- _What is being asked_:
Repeat the material exactly from its first line to the line that includes "Call auf Drägerwerk Vz [DZ BANK AG] Chart". Skip pictures.

(Beginning of Entries shown)

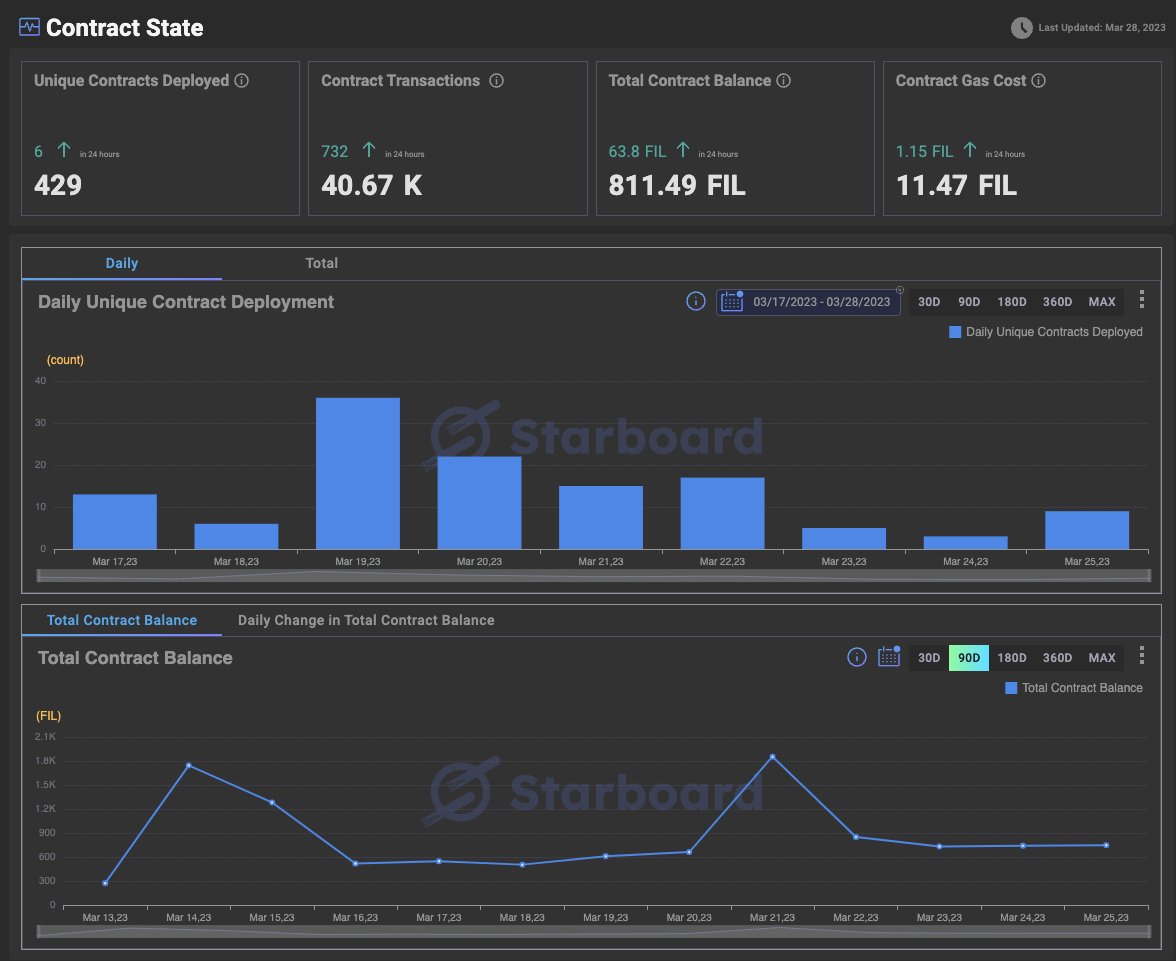 Filecoin's tweet photo. Follow the growth of FVM contracts and transactions on fascinating @Starboard_V dashboards 📈  Already up to 433 unique contracts!
https://t.co/L3mBtDMVHp https://t.co/IFca6T1BUH
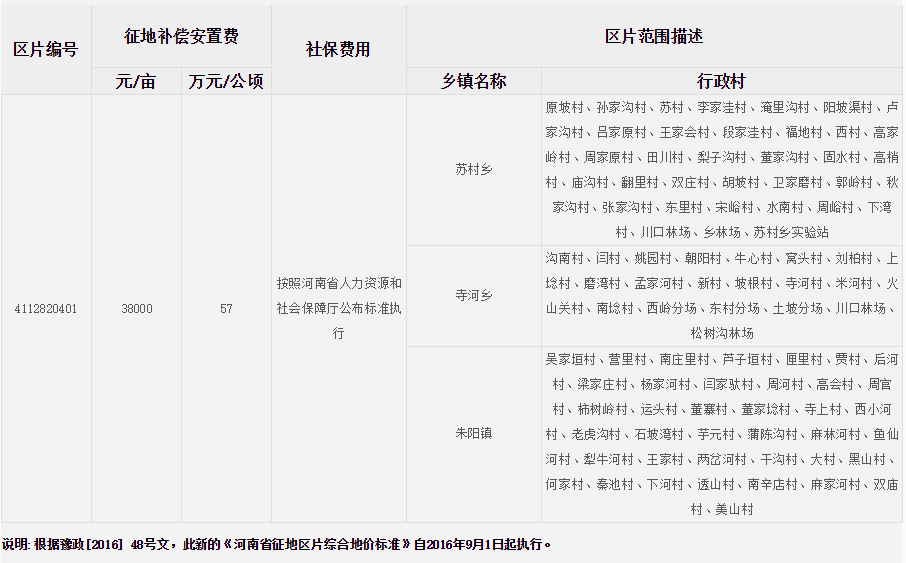 三门峡市灵宝市征地区片综合地价标准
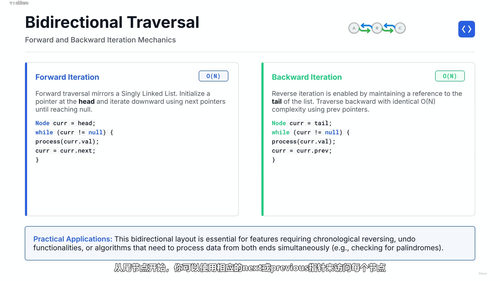 Java数据结构与算法精讲：链表、栈与队列的LeetCode实战 (英文课程中文字幕)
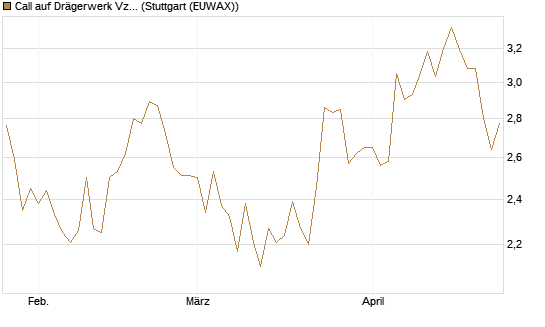 Call auf Drägerwerk Vz [DZ BANK AG] Chart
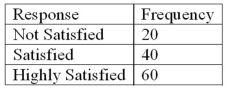 <strong>Refer to the following breakdown of responses to a survey of room service in a hotel. What percent of the responses indicated that customers were satisfied?</strong> A) 40% B) 33% C) 50% D) 100%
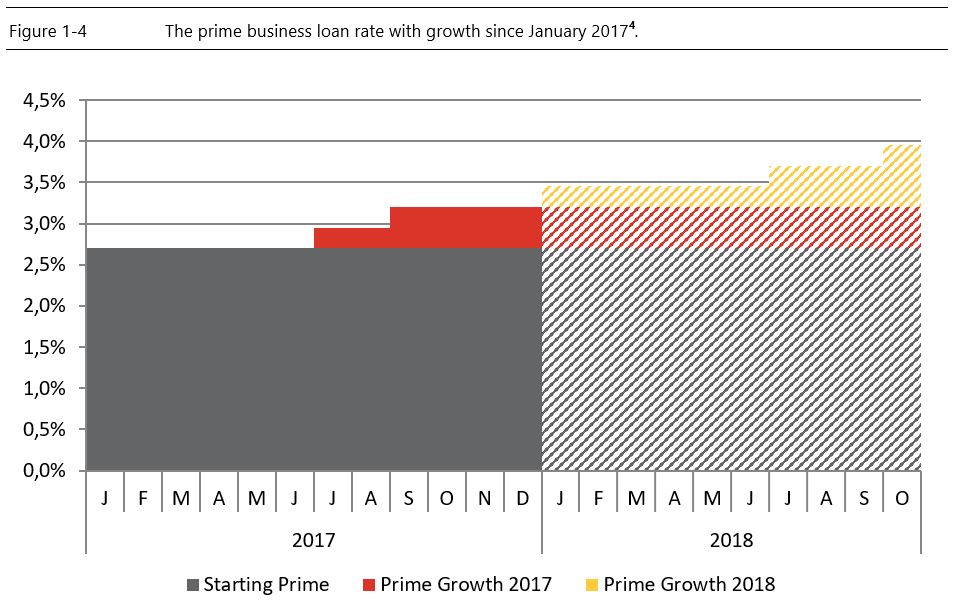 Figure 1-4 The prime business loan rate with growth since January 2017
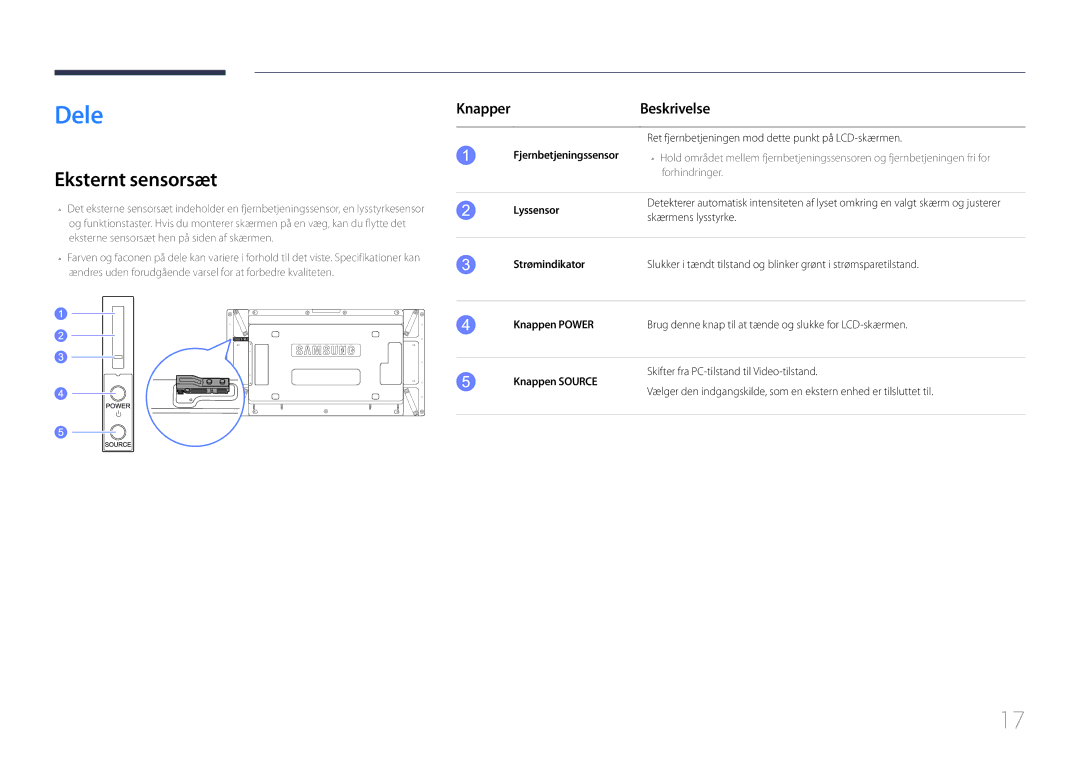 Samsung LH55UDDPLBB/EN manual Dele, Eksternt sensorsæt, Knapper Beskrivelse 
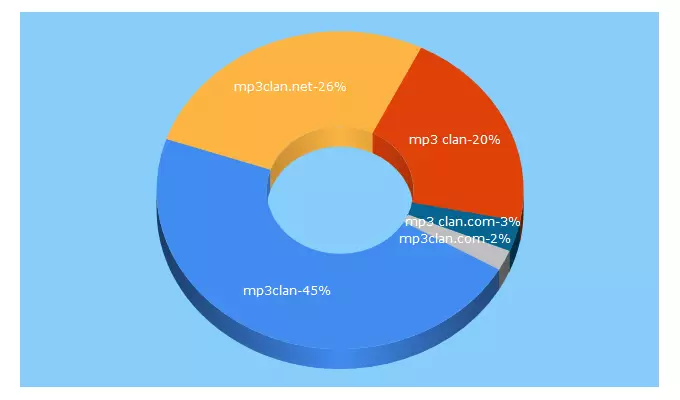 Top 5 Keywords send traffic to mp3clan.net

(End of Entries shown)

- _Solved exercise_:
 Filecoin's tweet photo. Follow the growth of FVM contracts and transactions on fascinating @Starboard_V dashboards 📈  Already up to 433 unique contracts!
https://t.co/L3mBtDMVHp https://t.co/IFca6T1BUH
 三门峡市灵宝市征地区片综合地价标准
 Java数据结构与算法精讲：链表、栈与队列的LeetCode实战 (英文课程中文字幕)
 Call auf Drägerwerk Vz [DZ BANK AG] Chart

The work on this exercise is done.